Wilding the Campus

Lower Pool Studio

Studio leaders: Maud Cassaignau with Heike Rahmann, Brent Greene

In partnership with Salad Dressing and RMIT Place Lab

Semester 1, 2023

The design research studio collaboration with and Salad Dressing Landscape Architects Singapore investigates Wilding Strategies within cities. It aims to test opportunities for wilding at a strategic to local scale, using the case of the RMIT Campus Innovation District.

Wild ecologies, it hypothesises, offer a more resilient mode of revegetation of cities, that contributes to counteract biodiversity decline and climate change: Contrary to prevalent single species revegetation, their complete ecologies comprising diverse plants, animals and fungi offer systemic robustness and elasticity that allows those ecologies to better react to climatic fluctuations, extremes and change.

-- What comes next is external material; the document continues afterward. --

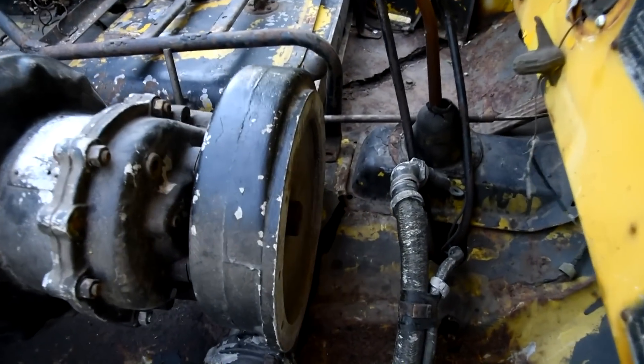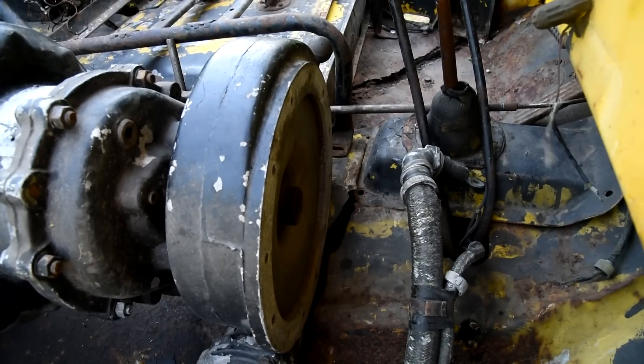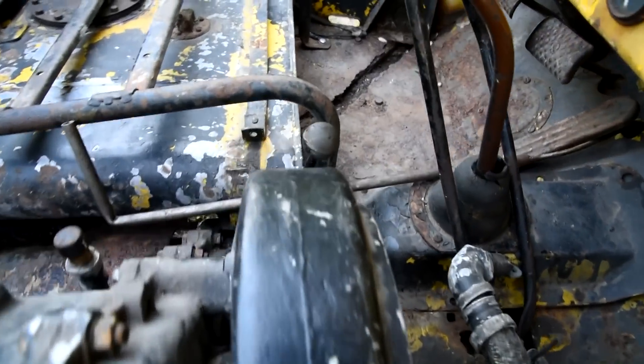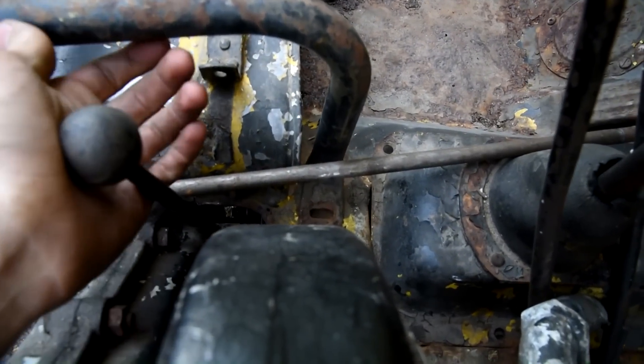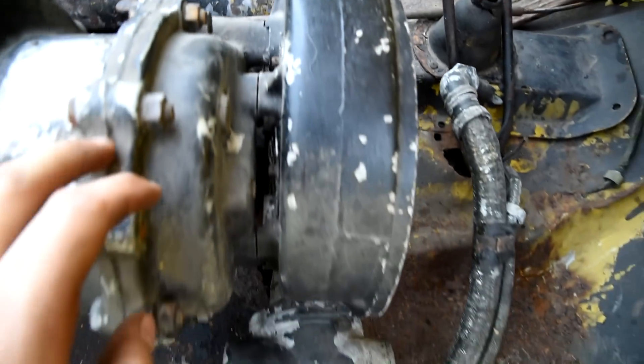It bolted right up to the PTO system. This drives off the back of the transfer case. There's a little gear that when you move this shifter, it pushes the gears together and engages or disengages the generator.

It investigates a site centred around the RMIT Innovation precinct at three different scales how the live lab precinct could be rewilded: How could a rewilding strategy be initiated and tested through a series of built prototypes, how could these ecologies be extended to the whole Innovation district with its central Cardigan street turned into a linear park and how could this be connected to existing surrounding ecologies (parks). The prototypes will test community response to rewilding concepts, allow to scope and evaluate ecological and climatic impacts of wild ecologies at different scales, and be used as support to generate discussions around financing models alongside exhibition of urban strategies. The project is ongoing, and first urban strategies have been explored.